事实上,学术腐败分子吞噬的不仅是国家的财富。他们还在腐蚀这个民族的文化基础,败坏社会的道德风气,毁掉中国的“科教兴国”之梦。学术腐败对中国最大的危害就是它在破坏一代青年的良知,使这个腐败一代一代地传下去。(梁勇:莫让学术腐败的风气玷污了孩子;楚舟:“剽教授”后面必有一批“窃学生”)。从这一点来说,学术腐败的危害性比吏治腐败和经济腐败都要大。实际上,学术腐败是吏治腐败、经济腐败势力的宣传部、后勤部、培训部,他们为社会上的腐败势力造舆论声势,给他们提供精神给养,为他们培养后续人材。学术腐败是中国社会的心腹大患!
章太炎曾把社会的腐败分成两种,一种是“土崩”,一种是“鱼烂”。土崩是从外面开始,一层一层地崩坍,而鱼烂则是从里面开始,一直向外烂。可以说,中国的学术界目前就处在鱼烂状态:它就象一具金缕玉衣包裹着的腐尸,从外面看金碧辉煌,但它散发的臭气明白无误地告诉人们它腐败的程度。
中国学术界目前的状况不禁使人联想到中国科举制度崩溃的前夕。当时也是士风日下,举人遍地。翰林回乡,根本就没有了往昔的荣耀,富商大贾一改往日对他们的巴结奉承,相反,对他们避之唯恐不及。清朝的末科状元刘春霖在夺魁之后到各地拜访高官,俗称“打秋风”,饱受冷遇。(何怀宏:选举社会及其终结──秦汉至晚清历史的一种社会学阐释)。这与现今的博士、教授贬值,何其相似!一位清末考生参加中国最后一次科举考试时的所见所闻是这样的:头场拆魁星、二场捉枪手、三场偷号灯。“士子之无行至此,科举虽欲不废,不可得也。”(钟毓龙《科场回忆录》,转引自:何怀宏:选举社会及其终结──秦汉至晚清历史的一种社会学阐释)。这又与现在的大学考场多么相似!
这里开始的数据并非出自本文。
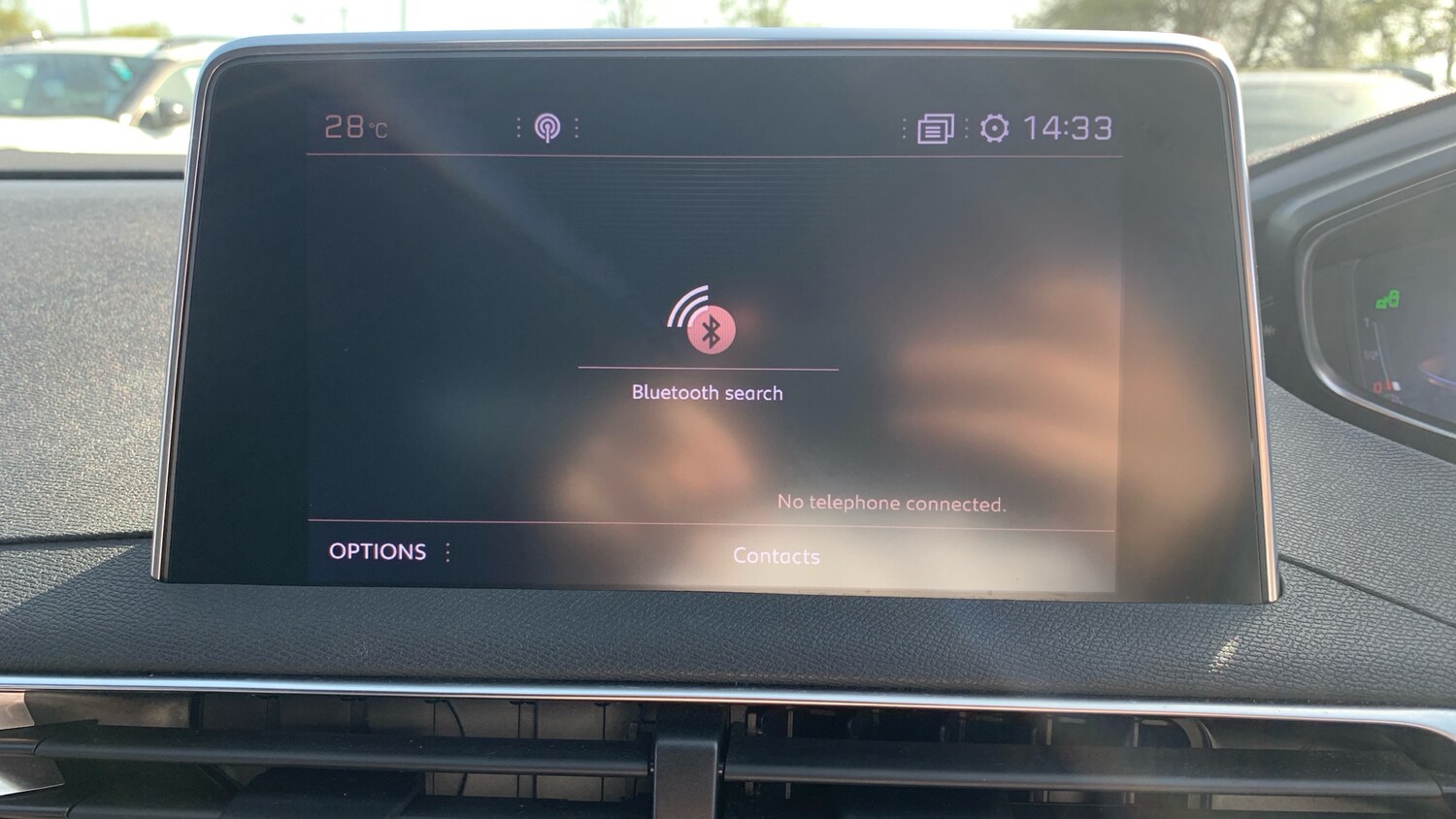 Used Peugeot 3008 2018 for sale - 78206009: Photo 31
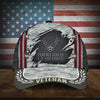 BlueJose Proudly Served Multiservice U.S Veteran Cap MH130605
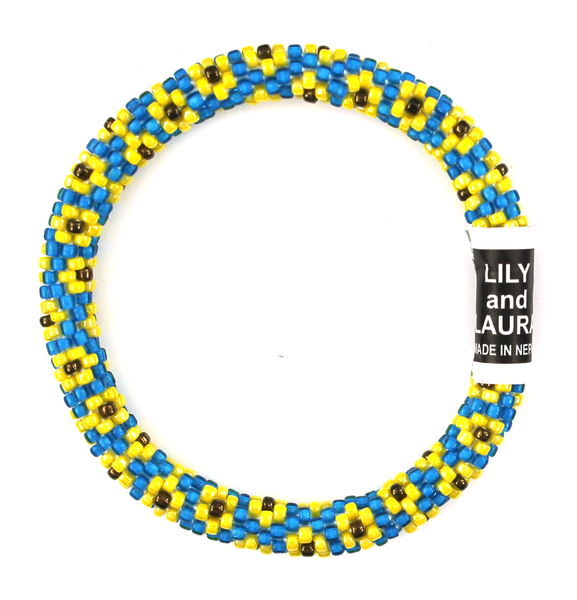 Ukraine Bracelets
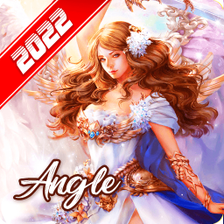 Angel Wallpaper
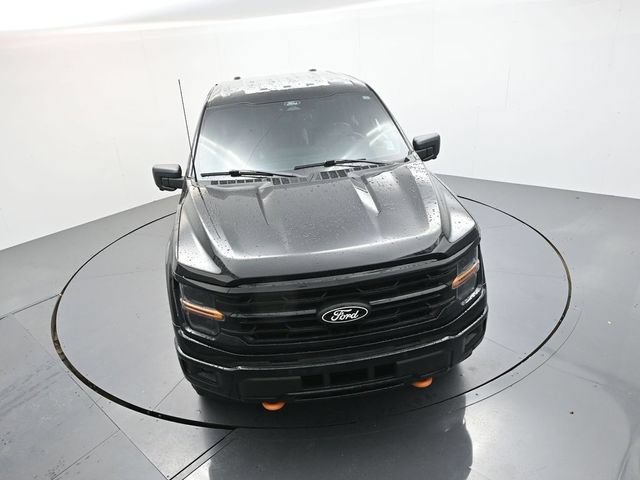 Certified 2024 Ford F150 XLT w/ Equipment Group 302A MID AWD/4WD image 38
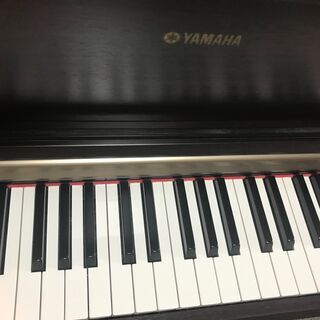 2007年製 ヤマハ 電子ピアノ アリウス YDP-151 ☆取りに来られる方限定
历史很少有偶然的巧合,而今年又恰逢中国废除科举制度的一百周年。那么,菜教授满街走,水博士到处流,窃学生遍校园的现象,是否预示着中国学术界的腐败势力盛极而衰、行将灭亡呢?就在猴年的钟声即将敲响之际,传来了上海“某名牌大学”的九名博士生集体炒导师鱿鱼的消息。(姜澎:不甘长作编外“雇员” 上海九名博士生怒炒导师)。这新年的钟声,是否是中国学术腐败势力的丧钟?